In Thomas, the Chicago Area Taco Bell Local Owners Advertising Association (hereinafter referred to as the “Chicago owners”) allegedly sent an unauthorized text message to 17,000 consumers, asking them to vote for their favorite Nacho Bell Grande menu item variety.  This conduct could result in more than $8.5 million in liability under the TCPA’s statutory penalties.  Plaintiff’s counsel asserted that Taco Bell funded the text message campaign through an advertising division, which had sole control over the form and content of the message.  The lower court declined to find vicarious liability, stating that there was no evidence that Taco Bell controlled or had the right to control the agents or the manner and means of the text message campaign.  The court determined that the actual sender of the message was a third-party service provider, which acted at the direction of the Chicago owners’ advertising agency.

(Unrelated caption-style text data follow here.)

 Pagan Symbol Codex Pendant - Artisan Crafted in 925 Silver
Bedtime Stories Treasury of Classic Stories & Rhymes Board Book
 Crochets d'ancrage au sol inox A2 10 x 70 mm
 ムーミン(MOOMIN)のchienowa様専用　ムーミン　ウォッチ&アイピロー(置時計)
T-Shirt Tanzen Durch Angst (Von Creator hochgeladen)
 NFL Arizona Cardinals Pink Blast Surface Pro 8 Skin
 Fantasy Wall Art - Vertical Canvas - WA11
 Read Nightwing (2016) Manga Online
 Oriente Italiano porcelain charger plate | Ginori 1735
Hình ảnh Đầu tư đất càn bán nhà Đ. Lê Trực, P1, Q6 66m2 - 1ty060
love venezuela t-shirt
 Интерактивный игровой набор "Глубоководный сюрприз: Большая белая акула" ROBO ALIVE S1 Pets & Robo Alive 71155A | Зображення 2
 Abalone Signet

In a unanimous ruling, the Ninth Circuit upheld the lower court’s finding, but specifically stated that vicarious liability can provide the basis for a TCPA violation.  Citing a 2013 declaratory ruling from the FCC in In re Dish Network, LLC, the Ninth Circuit expanded the scope of potential agency liability beyond traditional principles:  “[T]he FCC observed in its declaratory ruling … that it does ‘not believe it is appropriate to limit vicarious liability to the circumstances of classical agency (involving actual seller, or right to control, of the telemarketing call) … .  Principles of apparent authority and ratification may also provide a basis for vicarious seller liability for violations of [the TCPA].’”  Applying this standard, the Ninth Circuit found there was no vicarious liability because there was no showing that the plaintiff reasonably relied on any apparent authority of Taco Bell by which it cloaked the Chicago owners, and Taco Bell did not ratify the text message.

The Thomas decision impacts TCPA jurisprudence in two important ways:  First, it demonstrates that the FCC’s declaratory rulings concerning the TCPA may be specifically cited and adopted by courts as governing law.  Second, it reaffirms the importance of maintaining strict corporate separation in agency or franchise situations.  Taco Bell avoided tens of millions of dollars in potential “deep pocket” TCPA liability by maintaining corporate separation through physical separation (none of the entities responsible for the campaign acted as agents of Taco Bell); and apparent separation (the Chicago owners were not acting on Taco Bell’s behalf, and Taco Bell did not control them or approve their actions).